Configure the Spark History Server

Table of Contents

Recommended configuration
Other configurations
- Azure
- Amazon Web Services
Configuring Spark

For related topics, see Spark Operations.

Recommended configuration

For Fusion, configure the Spark History Server to store and read Spark logs in cloud storage. For installations on Google Kubernetes Engine, set these keys in the values.yaml file:

gcs:
  enableGCS: true
  secret: history-secrets (1)
  key: sparkhistory.json (1)
  logDirectory: gs://[BUCKET_NAME]
service: (2)
  type: ClusterIP
  port:
     number: 18080

pvc:
  enablePVC: false
nfs:
  enableExampleNFS: false (3)

1	The `key` and `secret` fields provide the Spark History Server with the details of where it can find an account with access to the Google Cloud Storage bucket given in `logDirectory`. Later examples show how to set up a new service account that’s shared between the Spark History Server and the Spark driver/executors for both viewing and writing logs.
2	By default, the Spark History Server Helm chart creates an external LoadBalancer, exposing it to outside access. In this example, the `service` key overrides the default. The Spark History Server is set up on an internal IP within your cluster only and is not exposed externally. Later examples show how to access the Spark History Server.
3	The `nfs.enableExampleNFS` option turns off the unneeded default NFS server set up by the Spark History Server.
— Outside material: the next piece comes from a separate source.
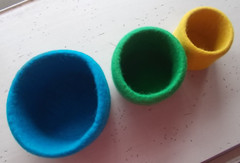 Set 3 Lovevery Stacking Nesting Felt Baskets 6″ Blue 4.5″ Green 3.5″ Yellow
To give the Spark History Server access to the Google Cloud Storage bucket where the logs are kept:

Use gcloud to create a new service account:

export ACCOUNT_NAME=sparkhistory
export GCP_PROJECT_ID=[PROJECT_ID]
gcloud iam service-accounts create ${ACCOUNT_NAME} --display-name "${ACCOUNT_NAME}"

If you have an existing service account you wish to use instead, you can skip the create command, though you will still need to create the JSON key pair and ensure that the existing account can read and write to the log bucket.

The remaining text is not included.